"Expressões Orgânicas"

MODA COM ATRIBUTOS SUSTENTÁVEIS

Dos termos mais utilizados, no segmento da moda com atributos sustentáveis, existe um em especial que tem gerado os maiores equívocos, controvérsias e desinformação entre blogueiros”, jornalistas, repórteres, profissionais,estilistas, designers e principalmente entre os consumidores, trata-se do adjetivo “orgânico (a)”É relativamente comum ler ou ouvir as seguintes classificações:
Coleção Orgânica; Tingimento Orgânico; Cor Orgânica; Moda Orgânica; Paleta Orgânica; entre outras “Expressões Orgânicas”... 
Como termo genérico, a palavra “orgânico (a)” está relacionada a processos ligados à vida, ou materiais originados de processos vitais, ou mesmo substâncias sintetizadas pelo homem junto à química do carbono.              Também pode estar associados a organismos, órgãos de um ser vivo, ou organizações complexas fora do campo da biologia, onde associações de pessoas, normas, regras, “organogramas”, leis ou até elementos arquiteturais atuam e interagem entre si como os componentes de um “organismo social”, e os processos ligados a esses casos também são ocasionalmente chamados de “orgânicos”. 

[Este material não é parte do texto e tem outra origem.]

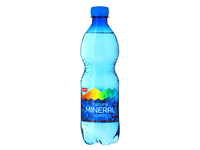 Natūralus gazuot.mineral. vanduo RIMI, 500ml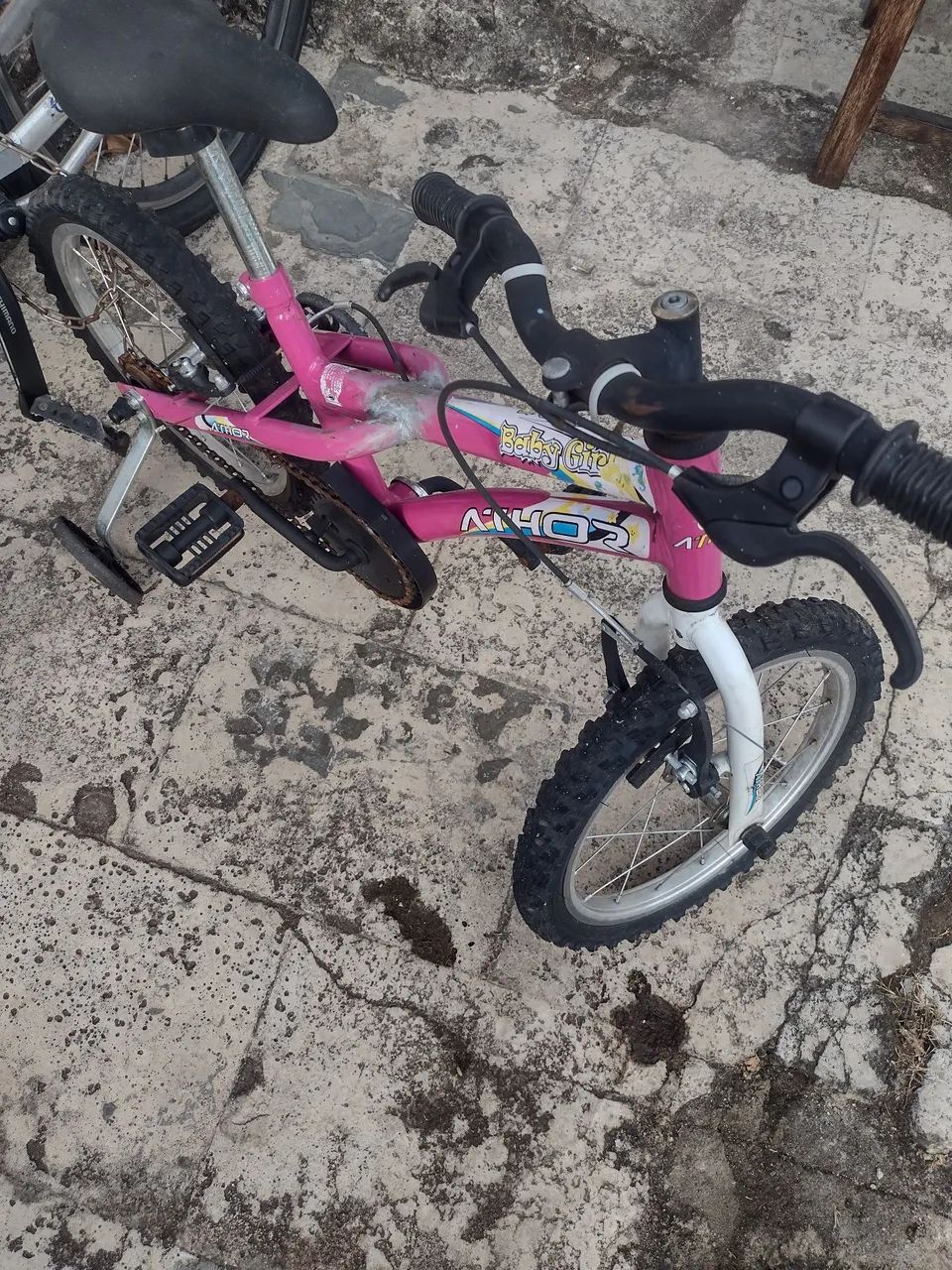 Bicicleta 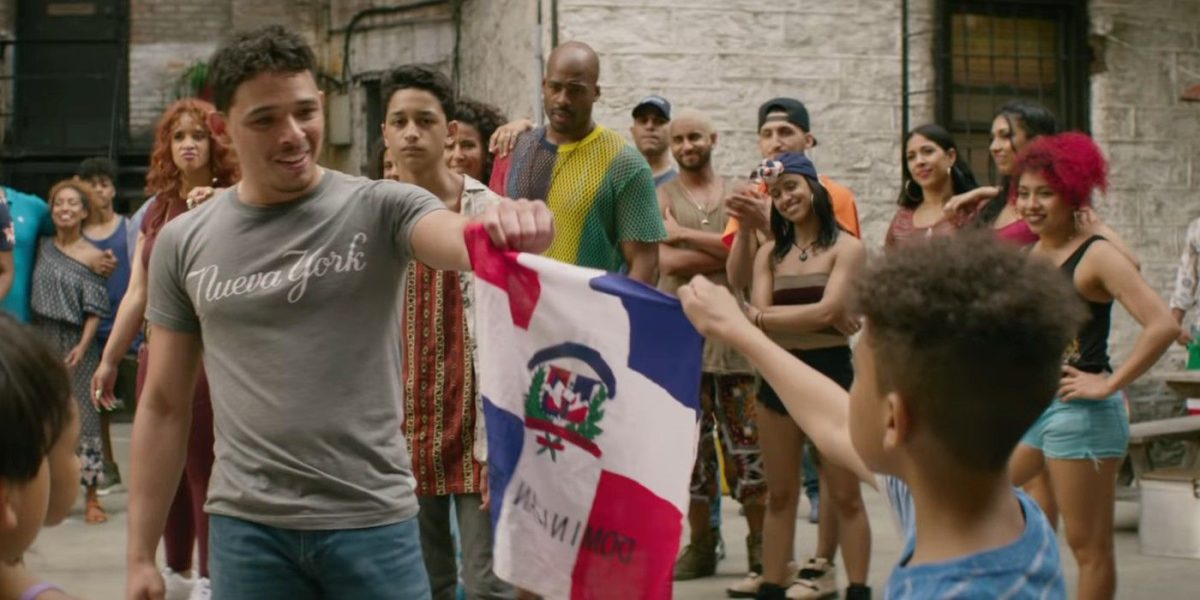 El tráiler de In the Heights ilumina los Oscar con nueva música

A Arquitetura Orgânica, por exemplo, ou arquitetura organicista, é considerada hoje uma escola da arquitetura moderna, impulsionada pelo ideal naturalista do arquiteto americano Frank Lloyd Wright.
Com origem nos Estados Unidos, se desenvolveu ao redor do mundo, sendo um dos arquitetos - de origem européia - considerado organicista, está Hugo Alvar Henrik Aalto (arquiteto finlandês). 
No Brasil, Roberto Burle Max é considerado um dos arquiteto-paisagistas que melhor representa esta linguagem “orgânica” e evolutiva da arquitetura moderna. 
O conceito “organicista” acredita que uma casa ao nascer, deve atender às necessidades das pessoas, como um organismo vivo. 
Em suas convicções Frank L. Wright, acreditava que os edifícios influenciam profundamente as pessoas que neles residem, trabalham ou fazem suas orações, e por esse motivo o arquiteto é considerado “um modelador de homens”. 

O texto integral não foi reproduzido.